Im Hinblick auf die Zukunft wünscht sich die Heilpädagogin Daniela Gallo, dass die Förderung der Quims-Schüler sich weiterhin auf das Schreiben konzentriert. «Wenn wir wollen, dass sich die Kinder ausdrücken können, sollten wir die Förderung so beibehalten oder sogar verstärken», so Gallo. Doch das letzte Wort hat der Kanton. Urs Meier vom Volksschulamt sagt: «Die Arbeit mit dem Schwerpunkt Schreiben ist aus unserer Sicht von hoher Relevanz und in den Schulen gut unterwegs. Das Volksschulamt wird mit den Schulen und Gemeinden sprechen, um die Schwerpunkte für die Zeit nach 2017 zu bestimmen.»

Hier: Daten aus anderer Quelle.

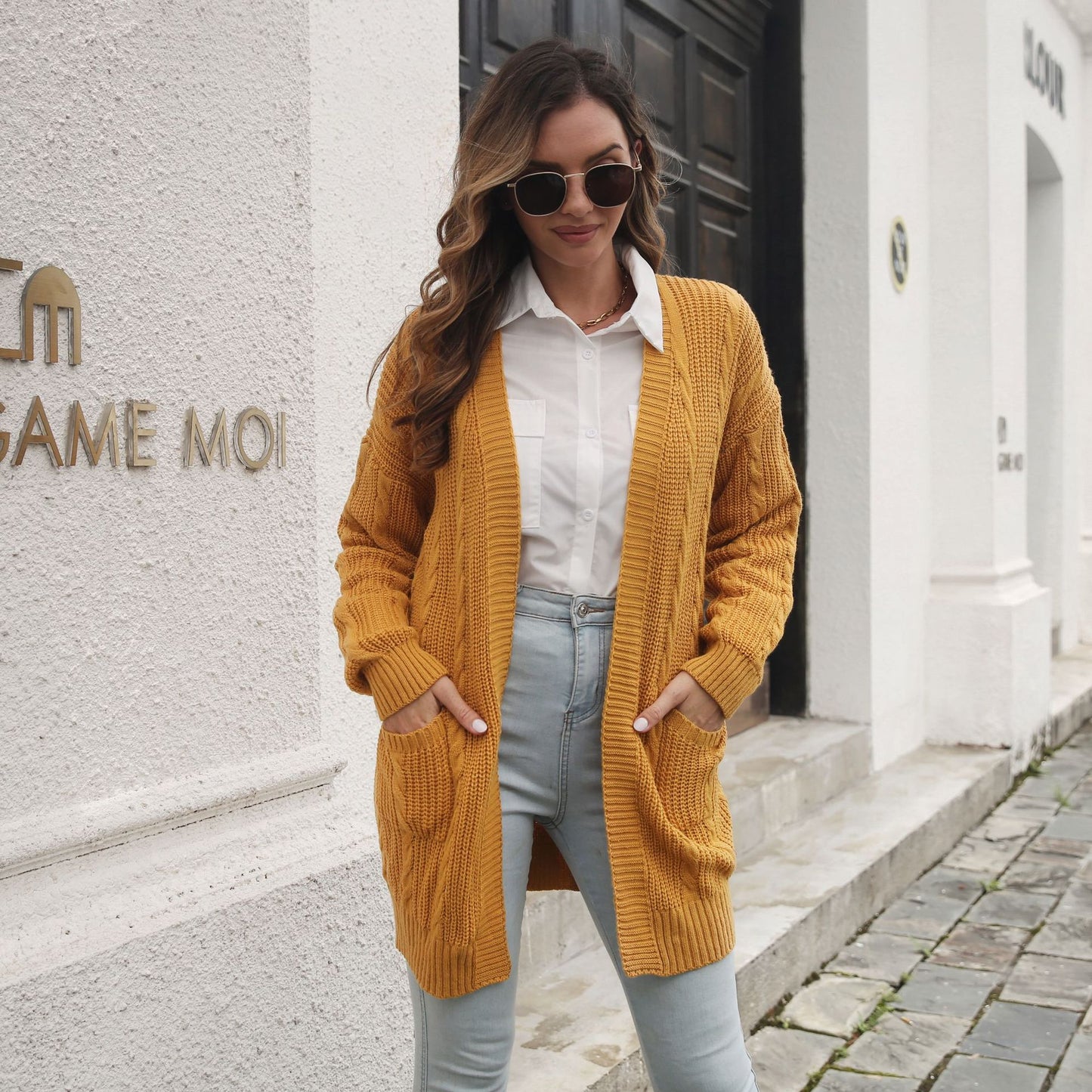 Women's Large Knitted Cardigan with Cable Pattern Ivyshape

Die Meinung der Limmattaler Verantwortlichen sollte dabei Gewicht haben: Die Verteilung der 4,4 Millionen Franken, die der Kanton jährlich für die Quims-Förderung ausgibt, bemisst sich nach dem Ausländer- und Fremdsprachigenanteil an den Schulen. Dieser Anteil ist zum Beispiel in Dietikon und Schlieren verhältnismässig hoch. Unabhängig von der Quims-Förderung gewährt der Kanton manchen Gemeinden zusätzliche Lehrerpensen, um benachteiligte Schüler zu fördern und zu integrieren. Diese Stellenerhöhungen richten sich nach dem Sozialindex. Der Index setzt sich zusammen aus den Ausländer-, Sozialhilfebezüger- und Tieflöhneranteilen in der Bevölkerung. Einzig Zürich-Schwamendingen hat einen höheren Sozialindex als Dietikon. Schlieren folgt auf dem fünften Platz, Oberengstringen auf dem siebten.
Während in Dietikon jede Schule eine Quims-Schule ist, werden kantonsweit 110 von 500 Schulen als Quims-Schulen gefördert. 35 000 respektive ein Viertel aller Schüler besuchen eine Quims-Schule.
Quims wurde 1996 als Pilotprojekt eingeführt. Inzwischen melden sich beim Volksschulamt andere Kantone und auch deutsche Städte wie Berlin und Hamburg, die vom Zürcher Quims-Modell lernen wollen.